The Different Facets of OpenStack HA

Last October, I wrote about a particular aspect of providing HA for workloads running on OpenStack. The HA problem space for OpenStack is much more broad than what was addressed there. There has been a lot of work around HA for the OpenStack services themselves. The problems for OpenStack services seem to be pretty well understood. There are reference architectures with detailed instructions available from vendors and distributions that have been integrated into deployment tools. The upstream OpenStack project also has an HA guide that covers this topic.

Another major area that has received less attention and effort is HA for compute workloads running on top of OpenStack. Requirements are very diverse in this area, so I’d like to provide some broader context around this topic and expand on my thoughts about useful work that can be done either in or around OpenStack to better support legacy workloads.

Approaches to Recovery

My original thinking around all of this was that we should be building infrastructure that can automatically handle the recovery in response to failures.  It turns out that there is also a lot of demand for the ability to completely custom manage the recovery process.  This was particularly made clear to me while discussing availability requirements for NFV workloads on OpenStack with participants in the OPNFV project.  With that said, we need to think about all failure types in two ways.

  1. Completely Automated Recovery – In this case, I envision a use wanting to enable an option that says “keep my VM running”.  The rest would be automatically handled by the cloud infrastructure.
  2. Custom Recovery – In this case, a set of applications has more strict requirements around failure detection (or even prediction) and availability.  They want to be notified of failures and be given the APIs necessary to implement their own recovery.

Types of Failures

We can break down the types of failures into 3 major categories that require different work for an OpenStack deployment.

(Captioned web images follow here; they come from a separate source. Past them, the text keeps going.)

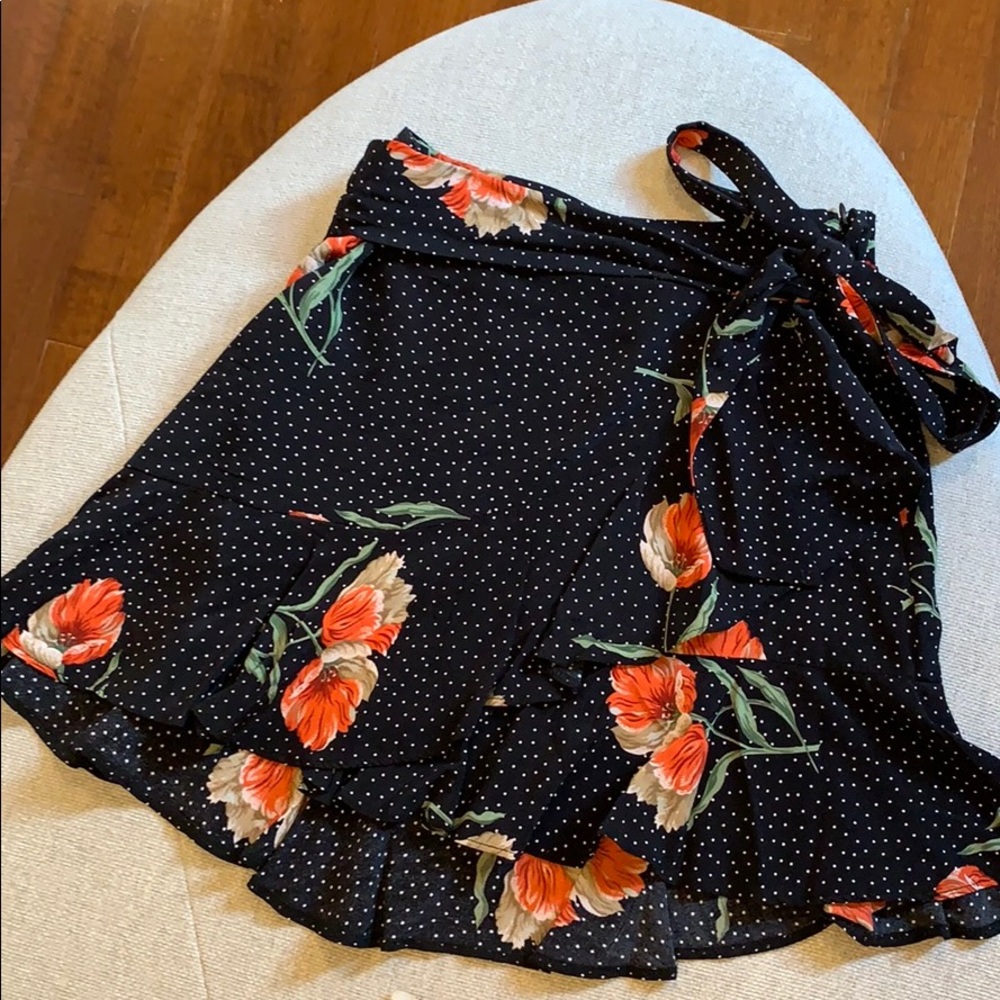 Women’s fun and flirty floral / dot mini skirt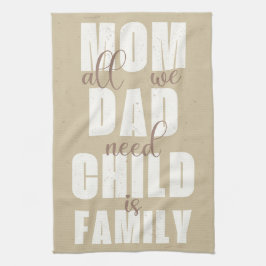 家族(母、パパ、子供)白の砂 キッチンタオル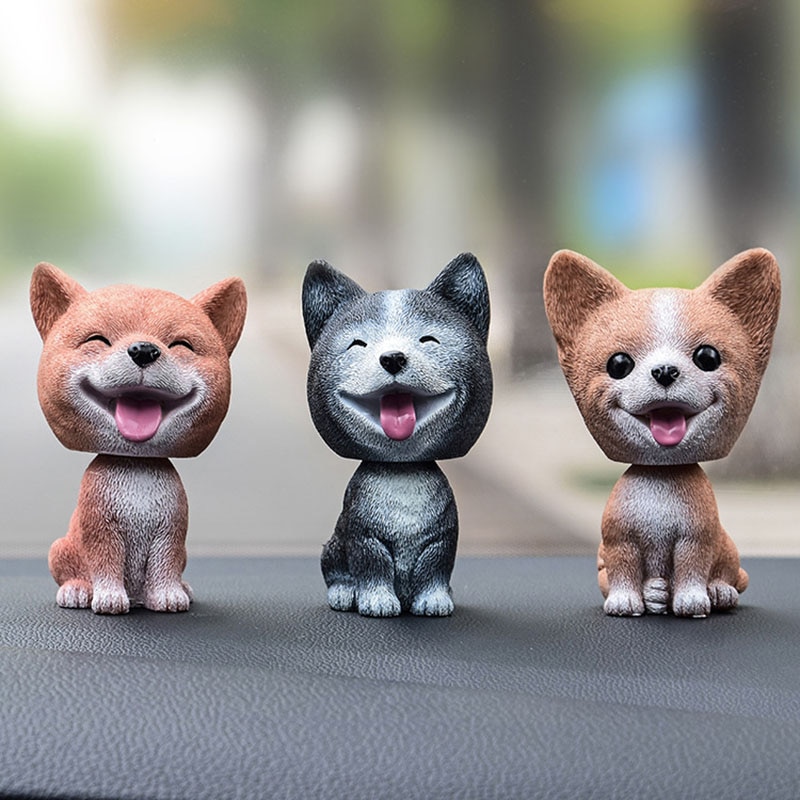 Tegneserie plast rystende hoved hund ornament harpiks sød nikkende dekoration til bil interiør hjem værelse caraccessories legetøj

  1. Failure of Infrastructure – This type of failure is when the hardware infrastructure support OpenStack workloads fails. A hardware failure on a given hypervisor is a prime example.
  2. Failure of the Guest Operating System – In this case, the base operating system in the VM fails for some reason.  Imagine a kernel panic in your VM that causes the VM to stop running, even though the hypervisor is still operating just fine.
  3. Failure of the Application – Something at the application layer may also fail.

Now let’s look at each failure type and consider the work that could be done to support each approach to recovery.

Infrastructure Failure

Failure of the infrastructure is what I wrote about last October.  I discussed the use of some recent enhancements to Pacemaker that would allow Pacemaker to monitor compute nodes.  This makes a lot of sense as Pacemaker is often already included in the HA architecture for the underlying OpenStack services.  There has since been work in cooperation with the Pacemaker team to build a proof-of-concept implementation of this approach.  Details for review and experimentation will be released soon.

The focus so far has been on completely automating the recovery process.  In particular that means issuing a nova evacuate API call for all of the instances that were running on the dead node.  However, this same architecture can be adapted to support the custom recovery approach.

Instead of fencing the node and issuing an evacuate, Pacemaker could optionally fence the node and emit a notification about the failure.  This notification could be put on the existing OpenStack notification message bus.  A deployment could choose to write something that consumes these notifications.  Another option could be to enhance Ceilometer to consume these notifications and turn it into an alarm that notifies an API consumer that the host that was running a VM has failed.

Guest Operating System Failure

The libvirt/KVM driver in OpenStack already has great support for handling this type of failure and providing automated recovery.  In particular, you can set the “hw:watchdog_action” property in either the extra_specs field of a flavor or as an image property.  When this property is set, a watchdog device will be configured for the VM. If the value for this property is set to “reset”, the VM will automatically be rebooted if the guest operating system crashes, triggering the watchdog.

To support the custom recovery case, we could add a new watchdog_action called “notify”.  In this case, Nova could simply emit a notification to the OpenStack notification message bus.  Again, a deployment could have a custom application that consumes these notifications or a service like Ceilometer could turn it into something consumable by a public REST API.

Application Failure

In my opinion, providing an answer for application failures is the least important part of HA from an OpenStack perspective.  Dealing with this is not new for legacy applications.  It was necessary before running on OpenStack and there are a lot of solutions available.  For example, it’s possible to run a virtual Pacemaker cluster inside a set of VMs just like you would on a physical deployment.  This has not always been the case, though.  When we looked at this in much earlier days of OpenStack (pre-Neutron), it was much more difficult to accomplish.  Neutron gives you enough control so that IP addresses can be predictable before creating the VMs, making it easy to get all of the addresses needed for Pacemaker configuration into the VM at the time it’s created.

There is still some discussion about coming up with a cloud native approach to application monitoring and recovery handling.  Heat is often brought up in this context.  There was a thread on the openstack-dev list this past December about this.  It seems there is potential there, but it’s unclear if it’s really high enough on anyone’s priority list to work on.

Pulling Things Together

A major point with all of this is that there are different layers failures can happen and there is not one solution for handling them all.  Breaking the problem space into pieces helps make it more manageable.  Once broken down, it seems clear to me that there is very reasonable work that can be done to enhance the ability of OpenStack to run traditional “pet” workloads.  Once these solutions are further along, it will be important to figure out how they integrate with deployment and management solutions, but let’s start with just making it work.